Records for processing →
===

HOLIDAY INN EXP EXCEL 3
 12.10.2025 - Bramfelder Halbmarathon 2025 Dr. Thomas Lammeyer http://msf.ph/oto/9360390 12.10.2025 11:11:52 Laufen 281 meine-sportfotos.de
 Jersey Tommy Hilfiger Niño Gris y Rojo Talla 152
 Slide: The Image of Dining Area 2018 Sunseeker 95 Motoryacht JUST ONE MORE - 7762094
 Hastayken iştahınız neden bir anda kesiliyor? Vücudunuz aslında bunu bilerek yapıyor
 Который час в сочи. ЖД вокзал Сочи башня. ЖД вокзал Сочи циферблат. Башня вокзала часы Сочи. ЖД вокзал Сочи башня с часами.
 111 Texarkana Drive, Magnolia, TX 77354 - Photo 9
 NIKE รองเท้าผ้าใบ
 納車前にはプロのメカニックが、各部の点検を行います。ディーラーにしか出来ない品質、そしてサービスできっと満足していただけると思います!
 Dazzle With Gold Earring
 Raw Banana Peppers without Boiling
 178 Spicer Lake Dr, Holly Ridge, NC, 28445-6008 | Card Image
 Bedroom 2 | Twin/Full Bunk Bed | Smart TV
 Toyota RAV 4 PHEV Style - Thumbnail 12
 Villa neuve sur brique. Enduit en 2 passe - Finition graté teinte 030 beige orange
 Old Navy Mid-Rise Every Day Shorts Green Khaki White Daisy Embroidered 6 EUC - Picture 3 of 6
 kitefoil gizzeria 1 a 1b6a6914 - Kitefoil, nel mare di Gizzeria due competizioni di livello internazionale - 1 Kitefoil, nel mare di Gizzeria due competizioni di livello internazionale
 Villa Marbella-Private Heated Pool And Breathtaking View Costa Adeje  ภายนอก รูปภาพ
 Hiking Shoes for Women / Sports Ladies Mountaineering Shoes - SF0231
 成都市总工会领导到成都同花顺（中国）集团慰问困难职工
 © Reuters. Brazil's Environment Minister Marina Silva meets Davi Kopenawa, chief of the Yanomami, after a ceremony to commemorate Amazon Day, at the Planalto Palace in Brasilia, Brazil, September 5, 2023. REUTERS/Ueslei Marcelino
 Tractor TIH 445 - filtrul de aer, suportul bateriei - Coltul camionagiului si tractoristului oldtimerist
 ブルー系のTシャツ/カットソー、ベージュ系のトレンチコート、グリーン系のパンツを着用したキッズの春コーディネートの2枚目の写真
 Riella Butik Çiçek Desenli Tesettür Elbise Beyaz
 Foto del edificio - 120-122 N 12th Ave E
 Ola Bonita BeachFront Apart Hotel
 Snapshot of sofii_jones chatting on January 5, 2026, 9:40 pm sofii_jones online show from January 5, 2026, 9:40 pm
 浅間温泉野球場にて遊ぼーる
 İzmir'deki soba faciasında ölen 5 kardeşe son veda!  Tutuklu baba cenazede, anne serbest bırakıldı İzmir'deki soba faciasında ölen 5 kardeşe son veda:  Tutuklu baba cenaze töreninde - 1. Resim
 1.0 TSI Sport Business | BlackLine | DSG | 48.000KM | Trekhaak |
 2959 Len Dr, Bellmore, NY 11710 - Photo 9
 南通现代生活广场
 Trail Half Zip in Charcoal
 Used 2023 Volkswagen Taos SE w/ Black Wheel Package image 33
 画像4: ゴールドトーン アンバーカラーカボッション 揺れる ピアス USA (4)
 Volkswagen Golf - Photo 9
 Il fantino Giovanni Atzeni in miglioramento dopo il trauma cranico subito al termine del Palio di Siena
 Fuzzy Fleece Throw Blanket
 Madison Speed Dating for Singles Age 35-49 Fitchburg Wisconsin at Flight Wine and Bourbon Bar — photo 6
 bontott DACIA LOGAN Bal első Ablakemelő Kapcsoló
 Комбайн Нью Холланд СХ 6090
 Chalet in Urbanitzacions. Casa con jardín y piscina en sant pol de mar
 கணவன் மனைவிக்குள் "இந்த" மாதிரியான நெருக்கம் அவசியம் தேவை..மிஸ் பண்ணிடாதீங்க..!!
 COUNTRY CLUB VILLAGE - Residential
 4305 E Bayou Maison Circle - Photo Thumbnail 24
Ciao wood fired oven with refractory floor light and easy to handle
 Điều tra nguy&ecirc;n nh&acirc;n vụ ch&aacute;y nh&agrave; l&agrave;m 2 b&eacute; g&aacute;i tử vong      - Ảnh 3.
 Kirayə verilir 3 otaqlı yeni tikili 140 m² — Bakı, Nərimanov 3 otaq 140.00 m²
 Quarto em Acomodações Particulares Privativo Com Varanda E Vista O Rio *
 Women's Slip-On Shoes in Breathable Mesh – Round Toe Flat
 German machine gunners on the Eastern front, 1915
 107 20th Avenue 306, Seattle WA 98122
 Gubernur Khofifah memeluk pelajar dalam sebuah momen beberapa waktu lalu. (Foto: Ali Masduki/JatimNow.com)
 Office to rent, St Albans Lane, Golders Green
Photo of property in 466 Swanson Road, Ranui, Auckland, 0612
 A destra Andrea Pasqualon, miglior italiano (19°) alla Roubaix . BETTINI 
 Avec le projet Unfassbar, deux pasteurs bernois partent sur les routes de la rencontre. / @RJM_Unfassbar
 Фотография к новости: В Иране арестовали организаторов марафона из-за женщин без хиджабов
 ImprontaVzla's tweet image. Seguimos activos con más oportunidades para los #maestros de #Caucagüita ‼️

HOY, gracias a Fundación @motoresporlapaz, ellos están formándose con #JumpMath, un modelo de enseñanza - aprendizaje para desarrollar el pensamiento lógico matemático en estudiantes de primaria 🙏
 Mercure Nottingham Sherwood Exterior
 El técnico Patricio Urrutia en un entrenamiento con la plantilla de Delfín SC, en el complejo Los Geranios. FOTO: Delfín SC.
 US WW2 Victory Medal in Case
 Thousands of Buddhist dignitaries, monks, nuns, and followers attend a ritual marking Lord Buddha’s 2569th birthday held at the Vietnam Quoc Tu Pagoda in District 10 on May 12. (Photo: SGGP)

===

Problem description →
No line may be skipped. Transcribe the listing above exactly.

Output below →
HOLIDAY INN EXP EXCEL 3
 12.10.2025 - Bramfelder Halbmarathon 2025 Dr. Thomas Lammeyer http://msf.ph/oto/9360390 12.10.2025 11:11:52 Laufen 281 meine-sportfotos.de
 Jersey Tommy Hilfiger Niño Gris y Rojo Talla 152
 Slide: The Image of Dining Area 2018 Sunseeker 95 Motoryacht JUST ONE MORE - 7762094
 Hastayken iştahınız neden bir anda kesiliyor? Vücudunuz aslında bunu bilerek yapıyor
 Который час в сочи. ЖД вокзал Сочи башня. ЖД вокзал Сочи циферблат. Башня вокзала часы Сочи. ЖД вокзал Сочи башня с часами.
 111 Texarkana Drive, Magnolia, TX 77354 - Photo 9
 NIKE รองเท้าผ้าใบ
 納車前にはプロのメカニックが、各部の点検を行います。ディーラーにしか出来ない品質、そしてサービスできっと満足していただけると思います!
 Dazzle With Gold Earring
 Raw Banana Peppers without Boiling
 178 Spicer Lake Dr, Holly Ridge, NC, 28445-6008 | Card Image
 Bedroom 2 | Twin/Full Bunk Bed | Smart TV
 Toyota RAV 4 PHEV Style - Thumbnail 12
 Villa neuve sur brique. Enduit en 2 passe - Finition graté teinte 030 beige orange
 Old Navy Mid-Rise Every Day Shorts Green Khaki White Daisy Embroidered 6 EUC - Picture 3 of 6
 kitefoil gizzeria 1 a 1b6a6914 - Kitefoil, nel mare di Gizzeria due competizioni di livello internazionale - 1 Kitefoil, nel mare di Gizzeria due competizioni di livello internazionale
 Villa Marbella-Private Heated Pool And Breathtaking View Costa Adeje  ภายนอก รูปภาพ
 Hiking Shoes for Women / Sports Ladies Mountaineering Shoes - SF0231
 成都市总工会领导到成都同花顺（中国）集团慰问困难职工
 © Reuters. Brazil's Environment Minister Marina Silva meets Davi Kopenawa, chief of the Yanomami, after a ceremony to commemorate Amazon Day, at the Planalto Palace in Brasilia, Brazil, September 5, 2023. REUTERS/Ueslei Marcelino
 Tractor TIH 445 - filtrul de aer, suportul bateriei - Coltul camionagiului si tractoristului oldtimerist
 ブルー系のTシャツ/カットソー、ベージュ系のトレンチコート、グリーン系のパンツを着用したキッズの春コーディネートの2枚目の写真
 Riella Butik Çiçek Desenli Tesettür Elbise Beyaz
 Foto del edificio - 120-122 N 12th Ave E
 Ola Bonita BeachFront Apart Hotel
 Snapshot of sofii_jones chatting on January 5, 2026, 9:40 pm sofii_jones online show from January 5, 2026, 9:40 pm
 浅間温泉野球場にて遊ぼーる
 İzmir'deki soba faciasında ölen 5 kardeşe son veda!  Tutuklu baba cenazede, anne serbest bırakıldı İzmir'deki soba faciasında ölen 5 kardeşe son veda:  Tutuklu baba cenaze töreninde - 1. Resim
 1.0 TSI Sport Business | BlackLine | DSG | 48.000KM | Trekhaak |
 2959 Len Dr, Bellmore, NY 11710 - Photo 9
 南通现代生活广场
 Trail Half Zip in Charcoal
 Used 2023 Volkswagen Taos SE w/ Black Wheel Package image 33
 画像4: ゴールドトーン アンバーカラーカボッション 揺れる ピアス USA (4)
 Volkswagen Golf - Photo 9
 Il fantino Giovanni Atzeni in miglioramento dopo il trauma cranico subito al termine del Palio di Siena
 Fuzzy Fleece Throw Blanket
 Madison Speed Dating for Singles Age 35-49 Fitchburg Wisconsin at Flight Wine and Bourbon Bar — photo 6
 bontott DACIA LOGAN Bal első Ablakemelő Kapcsoló
 Комбайн Нью Холланд СХ 6090
 Chalet in Urbanitzacions. Casa con jardín y piscina en sant pol de mar
 கணவன் மனைவிக்குள் "இந்த" மாதிரியான நெருக்கம் அவசியம் தேவை..மிஸ் பண்ணிடாதீங்க..!!
 COUNTRY CLUB VILLAGE - Residential
 4305 E Bayou Maison Circle - Photo Thumbnail 24
Ciao wood fired oven with refractory floor light and easy to handle
 Điều tra nguy&ecirc;n nh&acirc;n vụ ch&aacute;y nh&agrave; l&agrave;m 2 b&eacute; g&aacute;i tử vong      - Ảnh 3.
 Kirayə verilir 3 otaqlı yeni tikili 140 m² — Bakı, Nərimanov 3 otaq 140.00 m²
 Quarto em Acomodações Particulares Privativo Com Varanda E Vista O Rio *
 Women's Slip-On Shoes in Breathable Mesh – Round Toe Flat
 German machine gunners on the Eastern front, 1915
 107 20th Avenue 306, Seattle WA 98122
 Gubernur Khofifah memeluk pelajar dalam sebuah momen beberapa waktu lalu. (Foto: Ali Masduki/JatimNow.com)
 Office to rent, St Albans Lane, Golders Green
Photo of property in 466 Swanson Road, Ranui, Auckland, 0612
 A destra Andrea Pasqualon, miglior italiano (19°) alla Roubaix . BETTINI 
 Avec le projet Unfassbar, deux pasteurs bernois partent sur les routes de la rencontre. / @RJM_Unfassbar
 Фотография к новости: В Иране арестовали организаторов марафона из-за женщин без хиджабов
 ImprontaVzla's tweet image. Seguimos activos con más oportunidades para los #maestros de #Caucagüita ‼️

HOY, gracias a Fundación @motoresporlapaz, ellos están formándose con #JumpMath, un modelo de enseñanza - aprendizaje para desarrollar el pensamiento lógico matemático en estudiantes de primaria 🙏
 Mercure Nottingham Sherwood Exterior
 El técnico Patricio Urrutia en un entrenamiento con la plantilla de Delfín SC, en el complejo Los Geranios. FOTO: Delfín SC.
 US WW2 Victory Medal in Case
 Thousands of Buddhist dignitaries, monks, nuns, and followers attend a ritual marking Lord Buddha’s 2569th birthday held at the Vietnam Quoc Tu Pagoda in District 10 on May 12. (Photo: SGGP)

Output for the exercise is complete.